Artist's Inspiration:
Two Bits
The community of Bend began in the early 1900s and the main industry for many decades was timber production. This sculpture of two life-sized draft horses pulling a ponderosa log is made to celebrate that era of Bend’s beginnings.
It was commissioned by Penny & Phil Knight and placed at the Farewell Bend Park by the bridge that countless pine logs were brought across the river to be processed into lumber by the Brooks/Scanlon and Shevlin/Hixon mills that competed on opposite banks of the Deschutes.
Constructed mainly of ‘found objects’ this sculpture affords the viewer the chance to enjoy an early days horse logging theme while discovering many antiques and rusty imponderables! The male horse is more of a gear head of the industrial age while the female is more ropes & pulleys technology with some domestic items included as well.
A 1st impression of horses and log from a distance is only the 1st layer of a discovery process that takes some time. The next layer is finding it made of unexpected materials. Yet another layer is the selection and placement of those materials that had a former life in a completely different realm.

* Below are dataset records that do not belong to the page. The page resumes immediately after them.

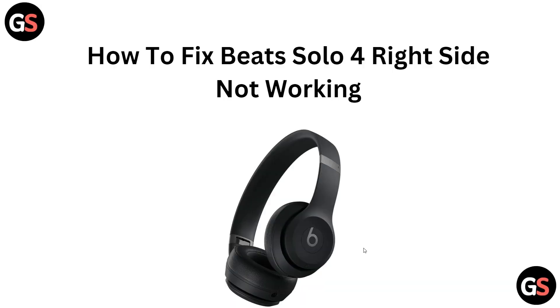Hi everyone, welcome back to the YouTube channel. In this tutorial video, we are going to learn how to fix Beats Solo 4 right side not working. Let's start the tutorial to fix the issue.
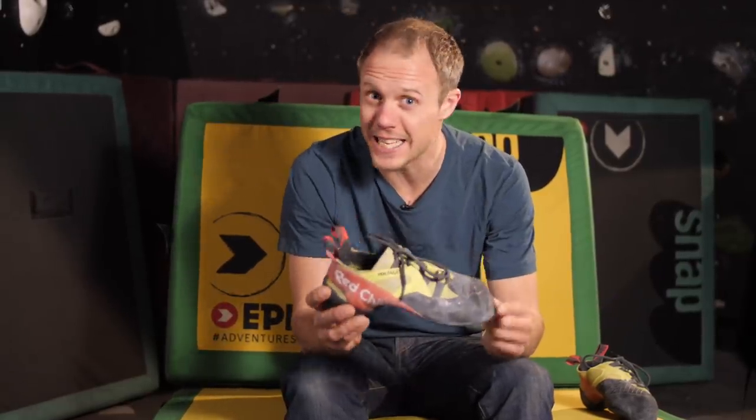Hello and welcome to the Climbing Daily Friday Gear Show. Today we're going to be reviewing the Red Chili Voltage Lace climbing shoe. Aggressive, soft, and as precise as a laser-guided missile.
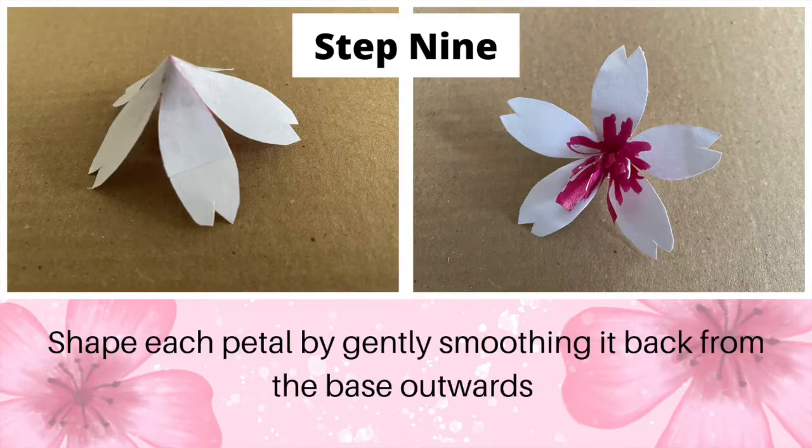Step 9: shape each petal by gently smoothing it back from the base outwards.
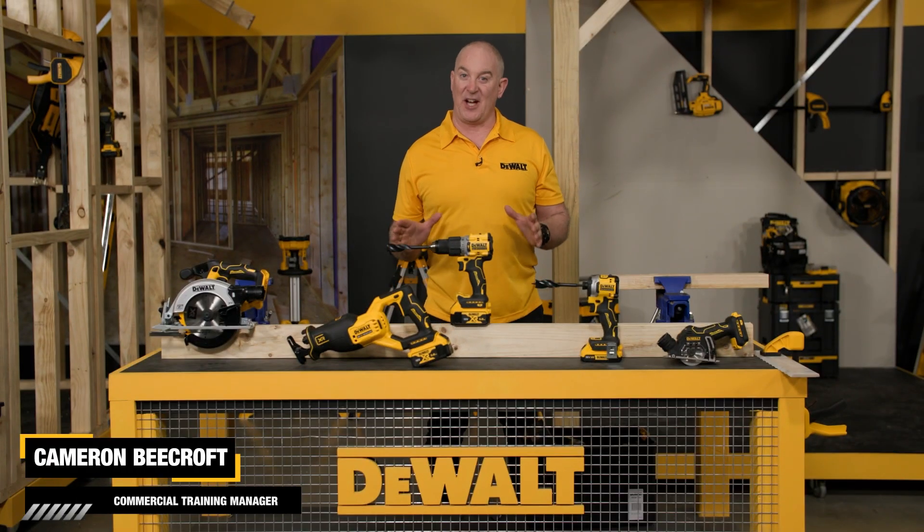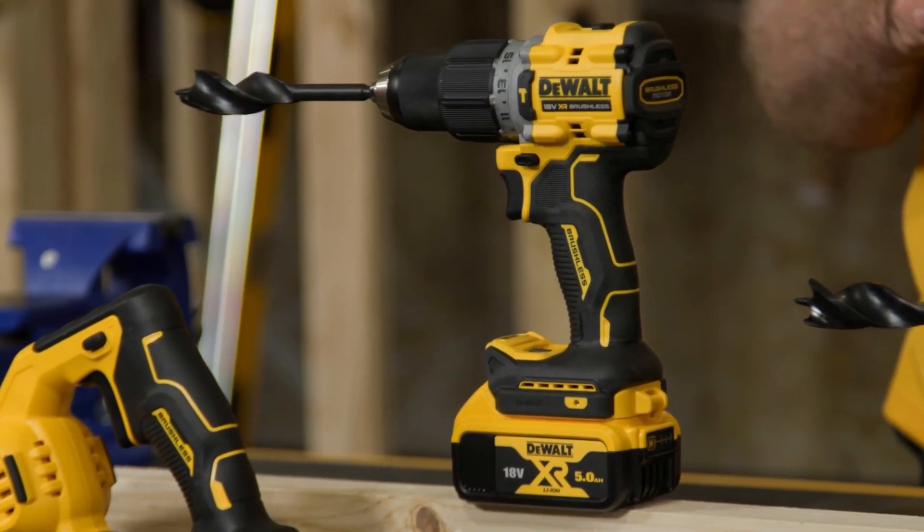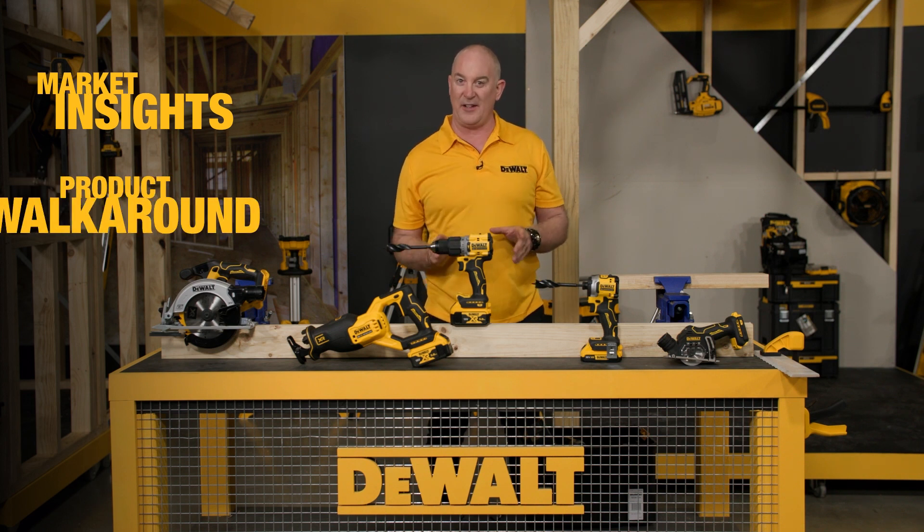Hey guys, Cam here and I'm very excited today to introduce a new addition to our range — the new DCD805. In this video we'll take a look at market insights, we'll also do a product walk-around, along with taking a look at some of the key takeaways for this fantastic unit.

Yet another layer is finding a very conflicted auto differential cover on the mare that spent it’s former life as a rear end and is now a front end! You can’t discover what it is all about by just walking by.
I’d like to share yet another layer found only here in this statement of artist’s inspiration. This is the underpinning of the composition I’ve chosen and where the rubber, or log, meets the road.
“Do not be yoked together with unbelievers. What partnership has righteousness with lawlessness? Or what fellowship has light with darkness?” 2 Corinthians 6:14
How much productive work would be done if these two horses were going 2 different directions? Why do we marvel at the frequency of divorce when so little attention is paid to this truth when most of us are dating? I can’t tell you how fortunate I am to have had Jean as a partner the last 39 years sharing the critically important values.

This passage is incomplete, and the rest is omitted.